| Status | Title | Video | Leetcode | Solve | Difficulty | Companies | Topics |
|---|---|---|---|---|---|---|---|
| 33. Search in Rotated Sorted Array | Solve | Medium | Accenture+91 | ||||
| 239. Sliding Window Maximum | Solve | Hard | Accion Labs India+66 | ||||
| 287. Find the Duplicate Number | Solve | Medium | Adobe+30 | ||||
| 1161. Maximum Level Sum of a Binary Tree | Solve | Medium | Adobe+12 |
Splunk is known for building powerful data platforms that help organizations search, monitor, and analyze machine-generated data. Because of this engineering focus, Splunk interviews typically emphasize strong problem‑solving skills and a solid understanding of data structures and algorithms (DSA). Candidates applying for software engineering roles can expect coding interviews that test their ability to write clean, efficient code while reasoning through complex problems.

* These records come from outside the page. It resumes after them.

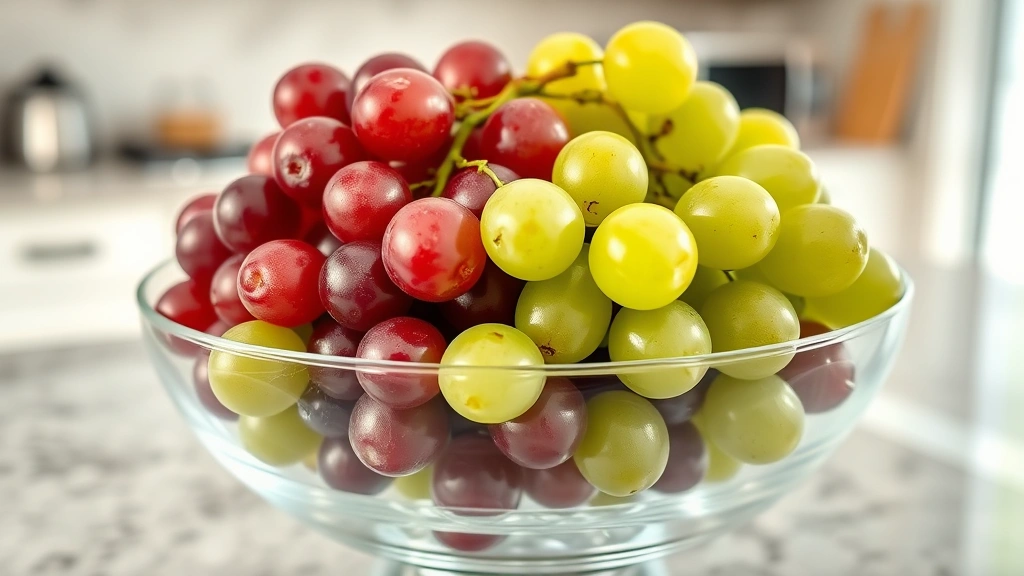 why can't dogs eat grapes -
Close-up of fresh green and red grapes in a glass bowl on a kitchen counter, ph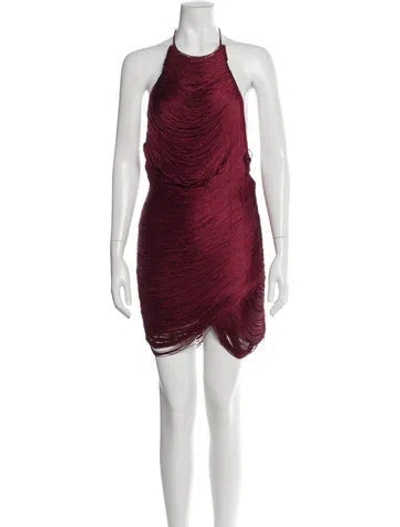 Pre-owned Michael Costello X Revolve Halterneck Mini Dress W/ Tags In Burgundy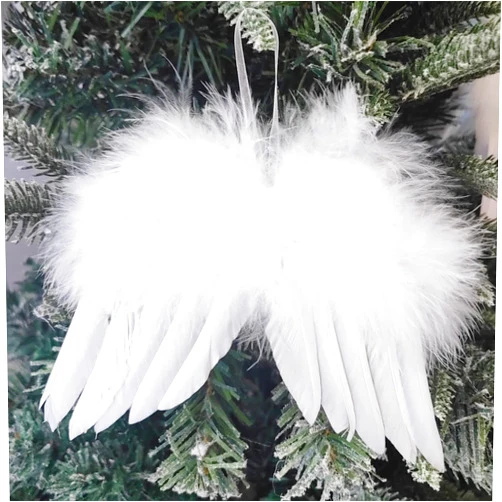 Kesywale 10Pcs White Angel Wings for Christmas Tree Ornament 6.7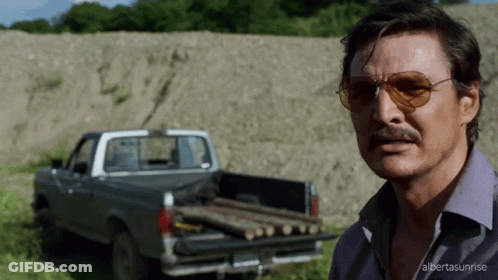 Man With Sunglasses In Front Of Truck With Logs GIF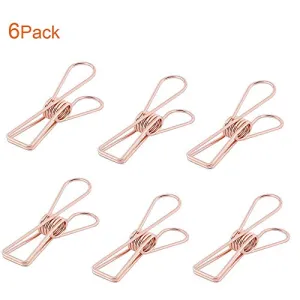 High-end 6PCS Binder Clips for Paper Stainless Steel Multi-Purpose Clips Paper Clip Clamp/Money File Binder Clipsfor Office, Home, School,Rose Gold Color, 2.80.6inch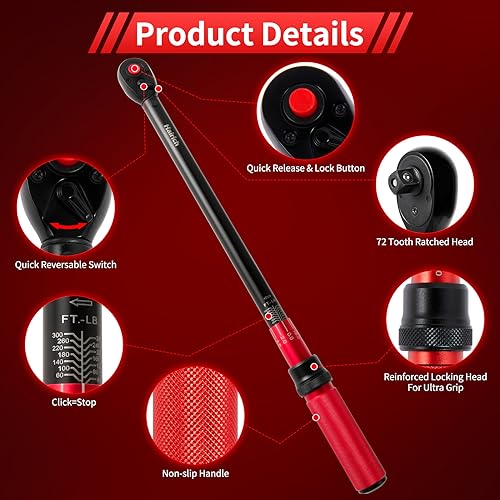 Image of Hairich 1 /2-Inch Drive Dual-direction Torque Wrench, 40-300ft.lb /33.9-406.8Nm, ±3% High Precision Professional Torque Wrench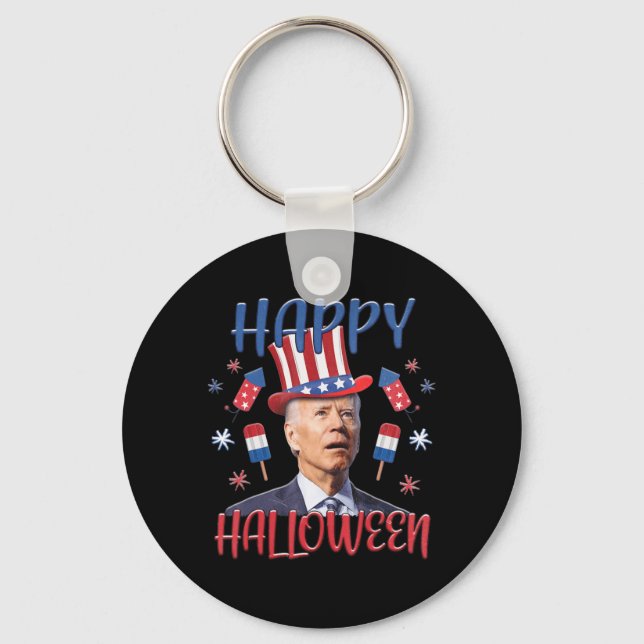 Joe Biden verwirrte den fröhlichen 4. Halloween 4. Schlüsselanhänger (Vorderseite)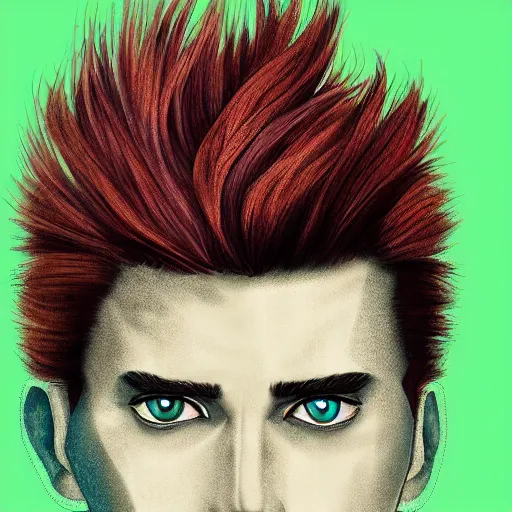 Image similar to digital art of a stylish young adult man with red hair and green cat - like eyes, popular, famous, attractive, high quality, highly detailed, hd, 4 k, 8 k,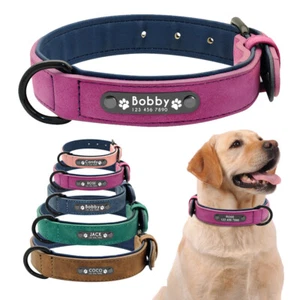 Maßgeschneidertes Hundehalsband weiches Leder gepolstert personalisierter Name für kleine bis große Hunde - Bild 1 von 11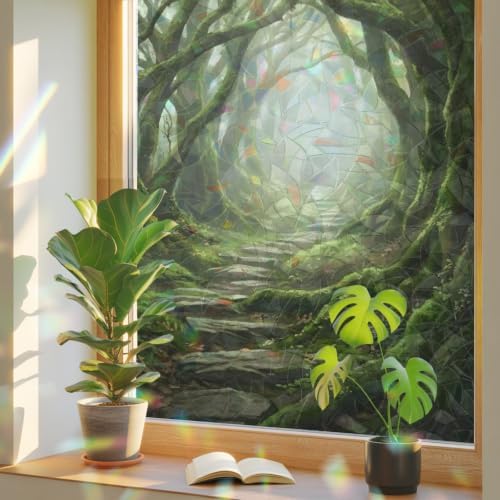 Green Forest Window Privacy Film Rainbow Static Cling Stain Glass Window Film for Glass Door, Decorative Heat Blocking Sunroof Decal Sticker for Car Home 23.6"x78.7" Misty Light Rustic Cottagecore by AMZRicher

Preparing with targeted practice is essential. By working through carefully selected DSA problems, you can become comfortable with the types of questions that appear in Splunk interviews. These problems often focus on algorithmic thinking, optimizing solutions, and clearly explaining your approach. Practicing the right set of questions helps you identify common patterns and build the confidence needed to perform well during technical interview rounds.
Preparing for a Splunk coding interview requires a combination of algorithmic knowledge, clear communication, and structured problem solving. Interviewers often evaluate not just whether you arrive at the correct answer, but also how you approach the problem and explain your reasoning.
Most technical interviews include one or two coding questions where you will implement a solution using a language of your choice. The problems typically focus on core data structures and require candidates to optimize both time and space complexity.
Consistent practice with realistic interview questions is one of the best ways to prepare and build confidence before your Splunk technical interview.